170 ↗(On Diff #198073)

I would suggest rewording this, maybe
// The value as encoded in the object file.

I think that + the following line is enough to convey negative values *are* allowed/expected.

174 ↗(On Diff #198073)

maybe: // Sanitized value, useable as an index into the symbol table. instead.

llvm/lib/Object/XCOFFObjectFile.cpp
97 ↗(On Diff #198073)

I would get rid of this white space.

100 ↗(On Diff #198073)

this is unneeded.

110 ↗(On Diff #198073)

How do we know when the index is into the string table vs. into a .debug section? If we have a symbol where the name *is* in the debug section we still return as StringRef to the sting table which is a problem.

130 ↗(On Diff #198073)

Why not just return toSymbolEntry(Symb)->Value;

335 ↗(On Diff #198073)

Keep this with the other file header related accessors.

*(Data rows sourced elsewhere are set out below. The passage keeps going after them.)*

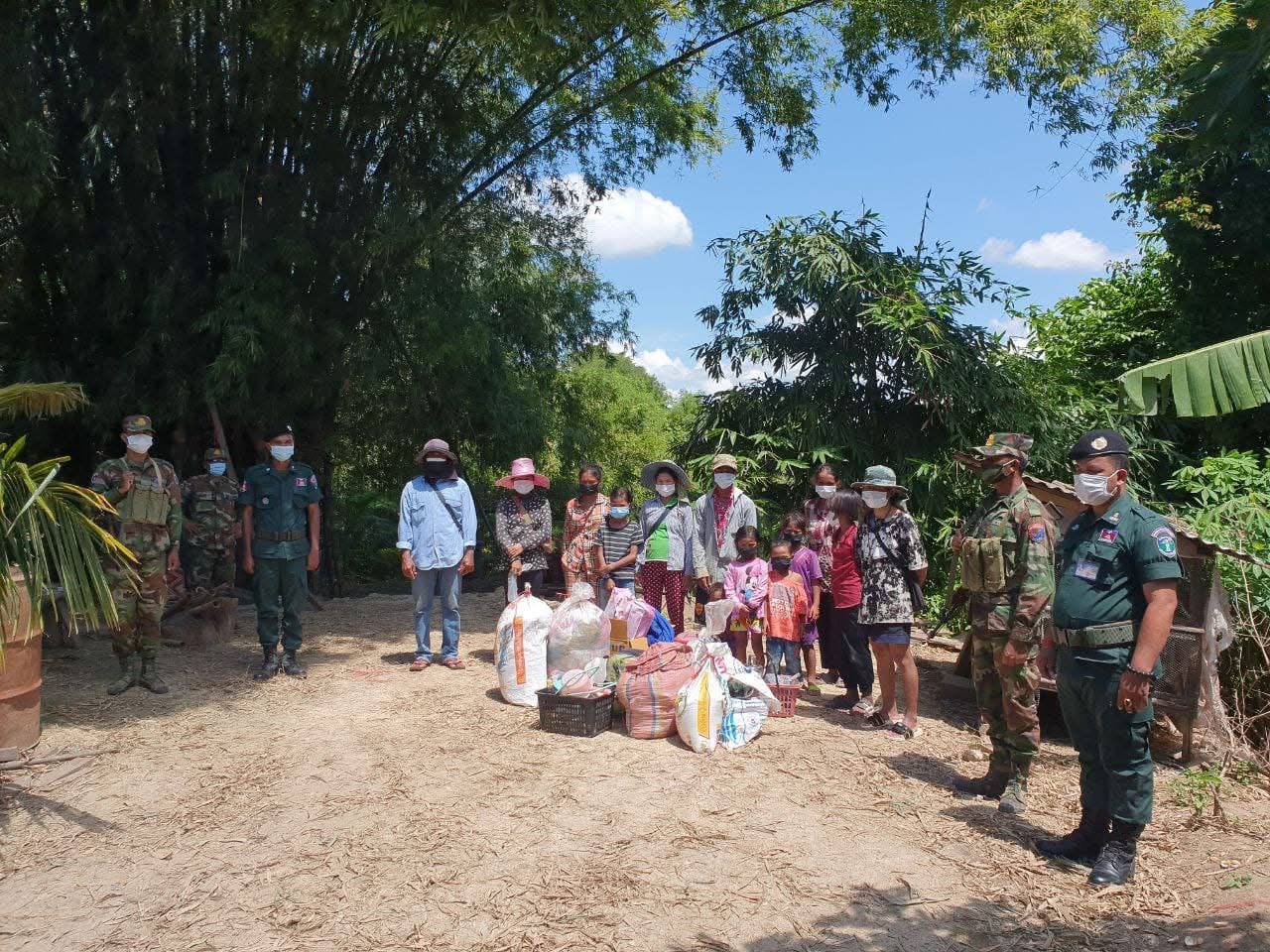 ពលរដ្ឋដែលត្រូវបានអាជ្ញាធរប្រទេសជិតខាងបញ្ជូនមកកម្ពុជាវិញ។ រូបភាព៖ឯកសារ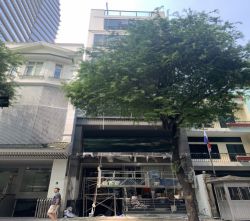 cho thue nha quan 1 mat tien duong le thanh ton p  ben nghe quan 1 23000  thang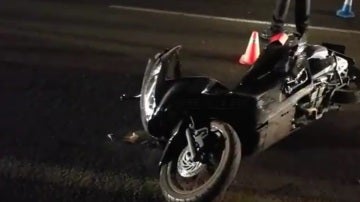 La moto tras el siniestro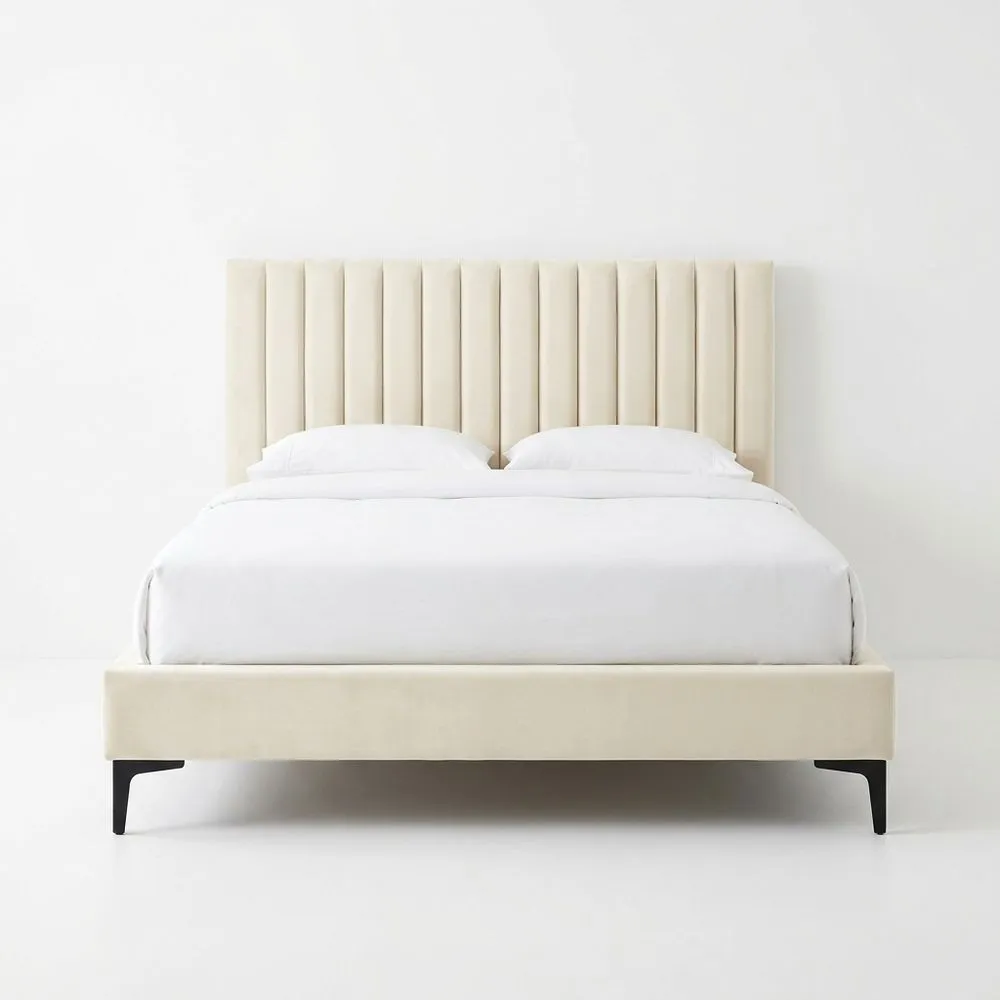 Beiges Samt-Polsterbett mit Stahlbeinen 200x160 (Länge x Breite) cm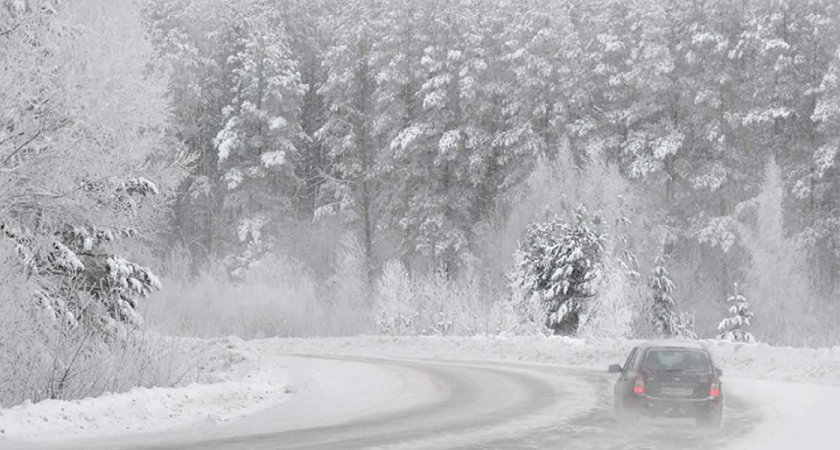 Водителей из Мордовии предупреждают об ухудшении видимости на дорогах из-за метели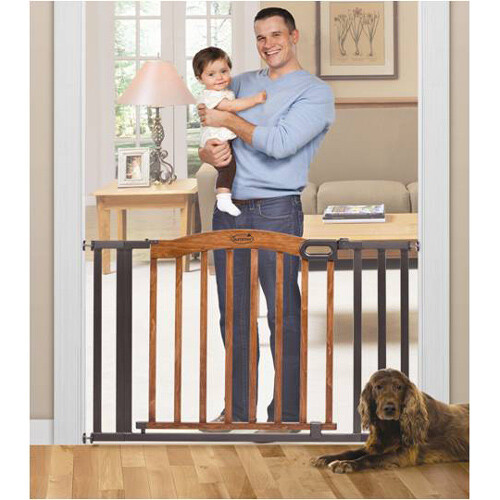 Summer Infant Decorative Wood Metal 5 Foot Pressure Mounted Gate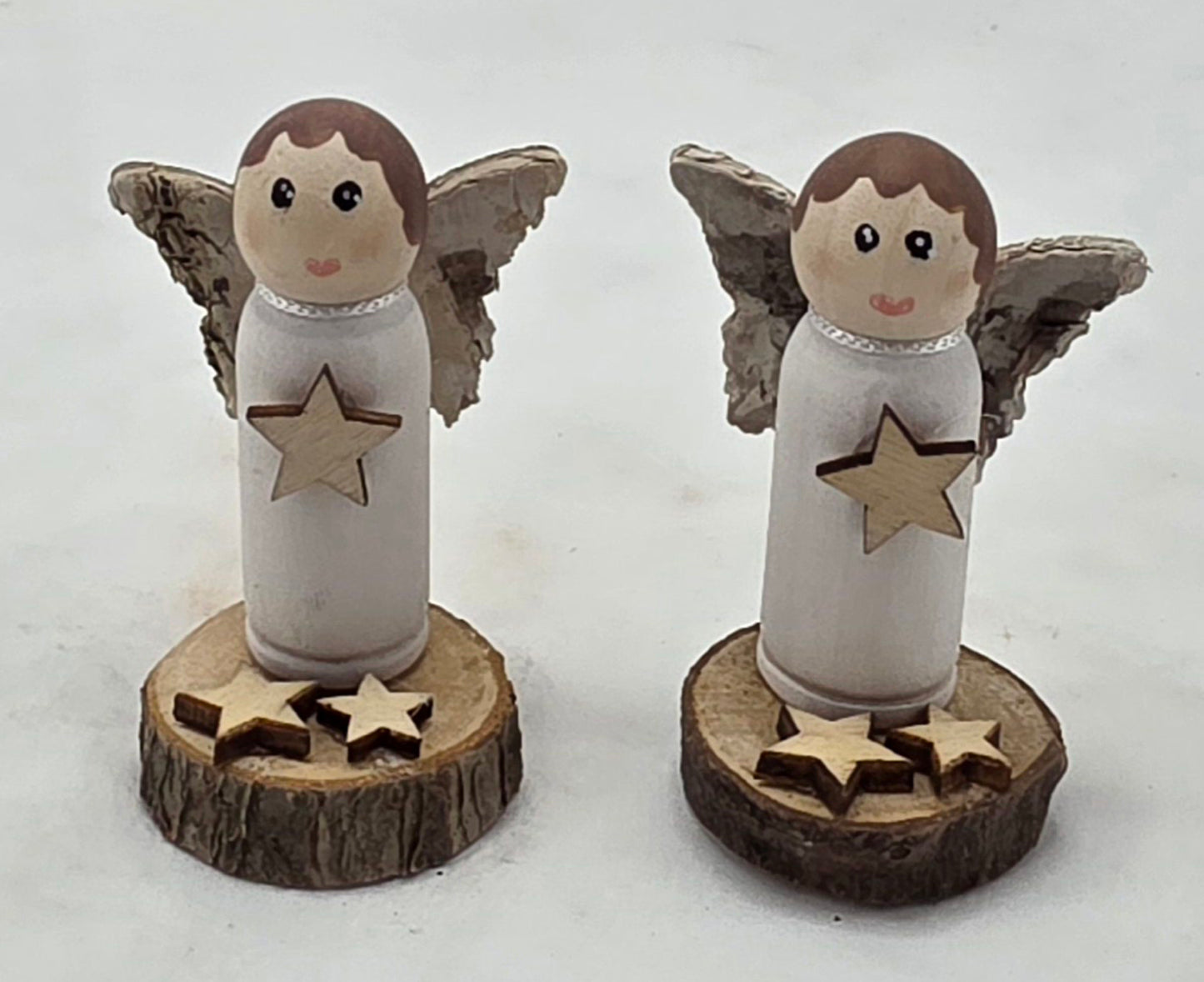 Engel Miniatur, gefertigt aus  kleinen Holzkegeln.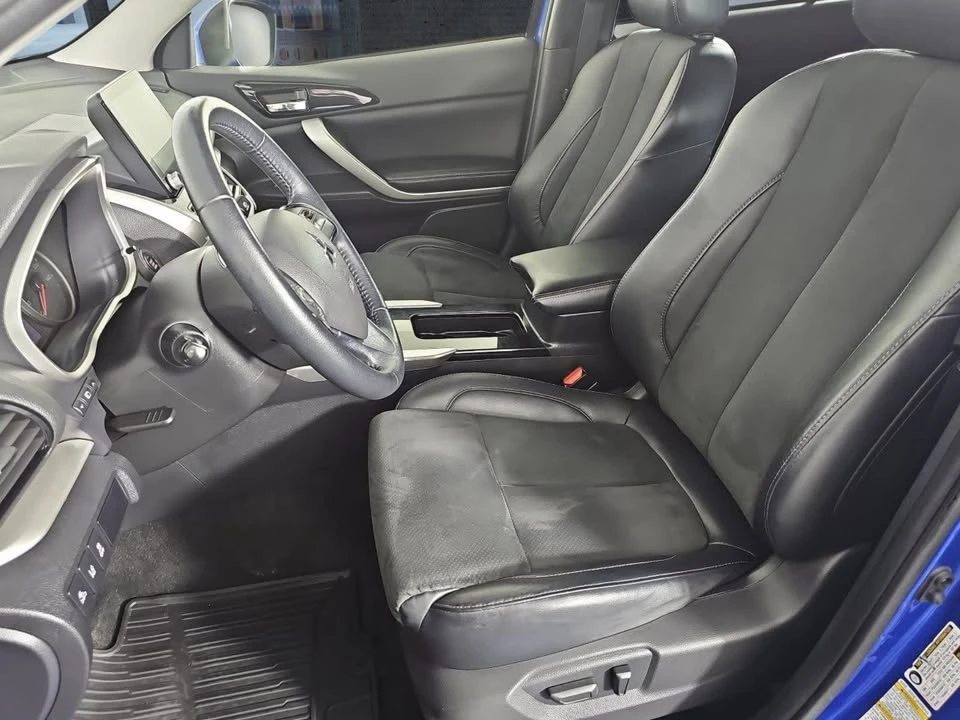 2022 Mitsubishi Eclipse Cross - Image 12 of 20
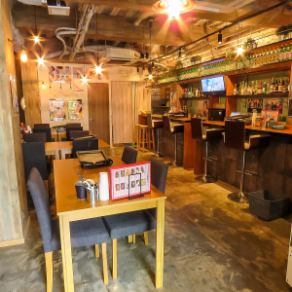 There are 2 tables for 4 people in the store.You can use it for in-store meals ♪ You can enjoy cafe use and sake with Korean gourmet snacks ♪ Ideal for girls' gatherings and dates.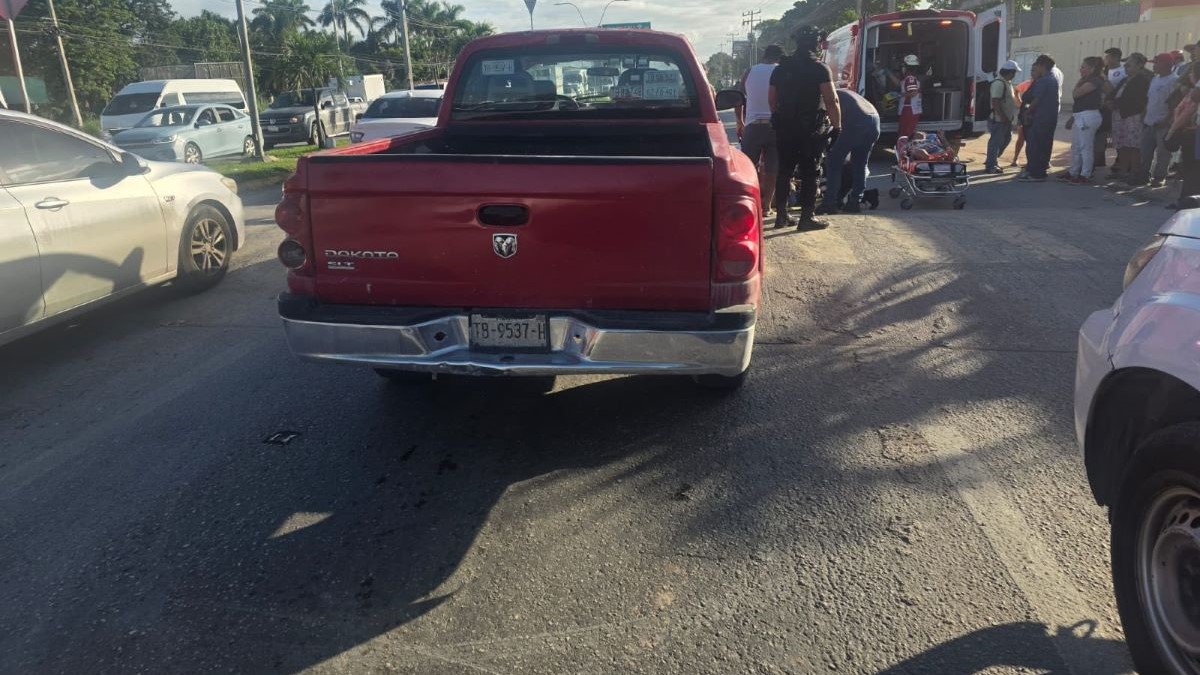 Atropellan a dos mujeres en el paso peatonal de la avenida López Portillo, en Cancún.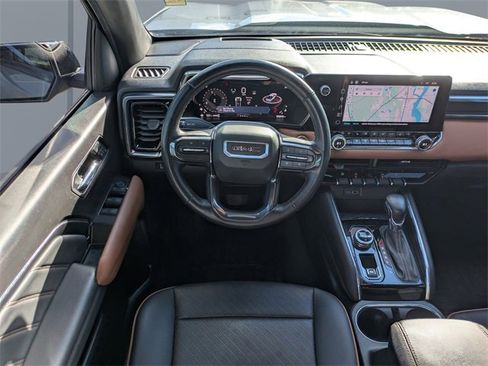 Used 2024 GMC Canyon AT4 w/ AT4 Premium Package image 16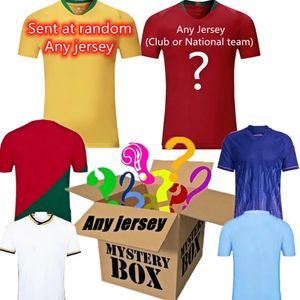 Seulement 9,9 USD pour enfants szie Mystery Box Maillot de football N'importe quel club de l'équipe nationale Kit de maillot de football de qualité thaïlandaise Envoyé au hasard Maillot rétro Kit pas cher Meilleure qualité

llvm/test/tools/obj2yaml/aix_xcoff.test
17 ↗(On Diff #198073)

Is the intent to always keep dumping the type as a numeric value? For this tool I think that's reasonable but I'd like to clarify.

MaskRay added inline comments.May 3 2019, 5:08 PM
llvm/tools/obj2yaml/xcoff2yaml.cpp
50 ↗(On Diff #198073)

You may want to use Expected<...> Error instead of std::error_code, then you can avoid conversion like errorToErrorCode()

MaskRay added inline comments.May 5 2019, 8:29 PM
llvm/include/llvm/Object/XCOFFObjectFile.h
122 ↗(On Diff #198073)

You need to rebase. The signature is Expected<StringRef> getSectionName(DataRefImpl Sec) const override; now.

llvm/lib/Object/XCOFFObjectFile.cpp
404 ↗(On Diff #198073)

The heavylifting parsing work should be done in createXCOFFObjectFile. The constructor should be private and be a very thin wrapper.

438 ↗(On Diff #198073)

Use support::endian::read32be in llvm/Support/Endian.h

llvm/tools/obj2yaml/xcoff2yaml.cpp
22 ↗(On Diff #198073)

For new code, prefer Error Expected<T> to std::error_code. The former enforces error checking and provides better error messages. Avoid errorToErrorCode if possible, it is very common to lost messages after converting to an Error.

69 ↗(On Diff #198073)

redundant braces.

sfertile added inline comments.May 8 2019, 10:52 AM
llvm/lib/Object/XCOFFObjectFile.cpp
404 ↗(On Diff #198073)

The constructor should be private

This makes sense to me.

The heavylifting parsing work should be done in createXCOFFObjectFile. ... be a very thin wrapper.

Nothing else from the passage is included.